The San Francisco Art Institute is one of the country’s oldest schools of higher education in contemporary art.
The institute first existed in 1871 as the San Francisco Art Association, which established the California School of Design in 1873. In 1893 the association and school moved into the former Mark Hopkins mansion on Nob Hill, and the facility was renamed the Mark Hopkins Institute of Art. Although the Great Earthquake destroyed the mansion and the school in 1906, a new building was erected on the site a year later, and the school was renamed the San Francisco Institute of Art.
In 1916 the institute was renamed the California School of Fine Arts. In 1926 the school moved to its current location at 800 Chestnut Street, into a new building designed by Bakewell and Brown, architects of City Hall, Coit Tower, and other San Francisco landmarks.
In 1961, the school was renamed the San Francisco Art Institute. In 1969, a new building designed by Paffard Keatinge Clay added studio space, a large theater/lecture hall, outdoor amphitheater, and cafe to the Spanish-style villa and cloisters built in the 1920s.
In 2004, the curriculum was reorganized under five interdisciplinary centers to acknowledge the increasing role of multiple disciplines and technologies in artists' work: Contemporary Practice, Media Culture, Public Practice; Word, Text, and Image; and Art and Science. The school is expanding its humanities programs and is expecting to offer degrees beyond the bachelor and master of fine arts.
In 2004, Chris Bratton joined the Art Institute as its president. Bratton had been Dean of Undergraduate Studies at the School of the Art Institute of Chicago.
At 130 years, the San Francisco Art Institute is one of the most prestigious colleges of art in the United States. Among its alumni and faculty are many of the country's leading artists. Committed to fine-arts education, the institute provides both undergraduate and graduate degree programs accredited by the Western Association of Schools and Colleges, and by the National Association of Schools of Art and Design.

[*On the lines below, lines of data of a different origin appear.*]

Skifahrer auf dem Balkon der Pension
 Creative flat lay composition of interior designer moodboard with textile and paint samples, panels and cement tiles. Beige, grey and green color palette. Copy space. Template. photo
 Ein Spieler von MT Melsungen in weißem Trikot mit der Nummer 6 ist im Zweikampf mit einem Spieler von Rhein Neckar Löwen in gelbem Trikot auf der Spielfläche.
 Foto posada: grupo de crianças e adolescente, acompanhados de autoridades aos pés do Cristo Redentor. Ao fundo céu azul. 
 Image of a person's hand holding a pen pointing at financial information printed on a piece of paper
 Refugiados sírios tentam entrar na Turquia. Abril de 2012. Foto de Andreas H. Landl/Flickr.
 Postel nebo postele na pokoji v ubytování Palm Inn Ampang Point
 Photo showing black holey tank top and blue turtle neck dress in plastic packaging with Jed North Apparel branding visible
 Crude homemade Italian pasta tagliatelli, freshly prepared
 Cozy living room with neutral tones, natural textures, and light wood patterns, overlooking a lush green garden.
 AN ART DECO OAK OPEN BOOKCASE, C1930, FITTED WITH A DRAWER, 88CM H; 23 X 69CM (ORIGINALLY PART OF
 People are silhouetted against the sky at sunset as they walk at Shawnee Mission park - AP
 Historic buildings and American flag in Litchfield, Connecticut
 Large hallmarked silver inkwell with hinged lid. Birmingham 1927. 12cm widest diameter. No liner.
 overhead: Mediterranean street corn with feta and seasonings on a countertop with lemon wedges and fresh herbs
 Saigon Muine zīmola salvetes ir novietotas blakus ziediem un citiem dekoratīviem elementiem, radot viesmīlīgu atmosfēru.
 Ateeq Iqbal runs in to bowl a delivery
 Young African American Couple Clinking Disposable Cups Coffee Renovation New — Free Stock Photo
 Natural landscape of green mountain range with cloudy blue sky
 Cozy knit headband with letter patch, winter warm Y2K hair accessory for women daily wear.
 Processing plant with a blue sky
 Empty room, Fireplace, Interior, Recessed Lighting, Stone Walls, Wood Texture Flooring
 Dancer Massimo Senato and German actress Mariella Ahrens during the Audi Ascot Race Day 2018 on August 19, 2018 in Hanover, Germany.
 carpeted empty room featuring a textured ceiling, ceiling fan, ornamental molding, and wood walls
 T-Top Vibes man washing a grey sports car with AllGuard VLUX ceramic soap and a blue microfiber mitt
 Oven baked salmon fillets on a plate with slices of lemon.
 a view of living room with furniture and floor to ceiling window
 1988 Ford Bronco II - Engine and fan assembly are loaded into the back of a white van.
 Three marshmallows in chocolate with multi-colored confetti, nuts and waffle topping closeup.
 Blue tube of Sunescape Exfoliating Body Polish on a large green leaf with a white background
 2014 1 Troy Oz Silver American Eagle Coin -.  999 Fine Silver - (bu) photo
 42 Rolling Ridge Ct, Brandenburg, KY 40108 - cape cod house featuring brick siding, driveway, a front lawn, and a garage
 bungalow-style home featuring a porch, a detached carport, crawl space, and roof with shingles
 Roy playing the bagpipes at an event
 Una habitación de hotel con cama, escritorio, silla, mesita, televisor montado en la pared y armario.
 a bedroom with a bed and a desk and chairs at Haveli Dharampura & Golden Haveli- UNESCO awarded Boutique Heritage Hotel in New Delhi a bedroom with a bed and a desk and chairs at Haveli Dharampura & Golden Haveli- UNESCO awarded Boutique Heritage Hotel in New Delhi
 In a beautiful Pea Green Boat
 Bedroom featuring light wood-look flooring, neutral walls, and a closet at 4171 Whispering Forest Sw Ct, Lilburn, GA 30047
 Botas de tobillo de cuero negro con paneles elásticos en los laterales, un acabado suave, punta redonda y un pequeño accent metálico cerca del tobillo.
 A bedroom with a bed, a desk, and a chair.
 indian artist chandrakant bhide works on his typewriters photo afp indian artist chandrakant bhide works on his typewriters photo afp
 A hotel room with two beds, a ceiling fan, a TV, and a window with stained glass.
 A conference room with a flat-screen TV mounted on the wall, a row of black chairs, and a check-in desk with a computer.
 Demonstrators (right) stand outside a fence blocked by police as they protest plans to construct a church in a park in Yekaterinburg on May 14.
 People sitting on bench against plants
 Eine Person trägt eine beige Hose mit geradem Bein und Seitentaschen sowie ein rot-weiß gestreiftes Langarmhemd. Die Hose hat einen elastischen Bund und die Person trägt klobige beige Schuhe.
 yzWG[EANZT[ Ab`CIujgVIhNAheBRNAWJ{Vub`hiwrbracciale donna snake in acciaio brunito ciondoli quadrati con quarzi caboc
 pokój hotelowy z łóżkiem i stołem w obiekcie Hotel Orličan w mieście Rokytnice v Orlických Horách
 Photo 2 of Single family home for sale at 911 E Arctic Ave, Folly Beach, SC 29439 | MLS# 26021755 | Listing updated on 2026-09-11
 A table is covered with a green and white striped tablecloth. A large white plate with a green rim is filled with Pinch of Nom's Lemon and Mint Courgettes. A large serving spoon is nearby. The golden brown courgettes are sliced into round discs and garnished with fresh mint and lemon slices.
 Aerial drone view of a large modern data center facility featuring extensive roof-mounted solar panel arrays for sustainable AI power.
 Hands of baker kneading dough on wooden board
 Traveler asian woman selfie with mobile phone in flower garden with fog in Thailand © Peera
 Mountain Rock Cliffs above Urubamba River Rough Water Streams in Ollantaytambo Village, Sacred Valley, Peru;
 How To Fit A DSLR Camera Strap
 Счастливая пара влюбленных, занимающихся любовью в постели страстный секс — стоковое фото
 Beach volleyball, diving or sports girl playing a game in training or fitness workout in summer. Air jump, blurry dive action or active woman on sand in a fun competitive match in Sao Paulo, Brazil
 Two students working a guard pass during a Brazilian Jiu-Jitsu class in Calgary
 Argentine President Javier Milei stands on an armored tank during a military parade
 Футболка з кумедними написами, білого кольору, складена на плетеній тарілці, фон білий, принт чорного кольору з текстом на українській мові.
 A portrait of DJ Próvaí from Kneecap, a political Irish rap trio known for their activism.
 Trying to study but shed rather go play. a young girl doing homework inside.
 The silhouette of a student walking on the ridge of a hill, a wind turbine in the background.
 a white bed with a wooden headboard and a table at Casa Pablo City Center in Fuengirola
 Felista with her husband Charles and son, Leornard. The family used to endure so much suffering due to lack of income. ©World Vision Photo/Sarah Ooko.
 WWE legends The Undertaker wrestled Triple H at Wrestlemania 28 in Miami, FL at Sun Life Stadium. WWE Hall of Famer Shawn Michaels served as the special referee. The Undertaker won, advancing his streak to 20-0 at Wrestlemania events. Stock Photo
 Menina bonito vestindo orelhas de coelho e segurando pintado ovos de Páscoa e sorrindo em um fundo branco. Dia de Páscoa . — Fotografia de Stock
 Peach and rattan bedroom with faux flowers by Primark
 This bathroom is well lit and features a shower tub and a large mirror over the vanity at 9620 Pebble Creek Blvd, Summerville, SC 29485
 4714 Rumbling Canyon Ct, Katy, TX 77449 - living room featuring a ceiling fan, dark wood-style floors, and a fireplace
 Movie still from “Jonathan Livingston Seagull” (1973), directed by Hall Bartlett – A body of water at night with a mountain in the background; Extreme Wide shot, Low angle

Complementing the institute's curriculum and exhibitions programs is a continuing series of lectures by visiting artists and critics, regular film screenings, poetry readings, concerts, performances, and other special events.
The San Francisco Art Institute is located on the bayward slope of San Francisco's Russian Hill, within easy walking distance of historic North Beach and Chinatown. Extensive public transportation links the institute to the rest of the city and nearby communities.
The San Francisco Bay region is the country's sixth-largest metropolitan area and is home to an exciting art scene.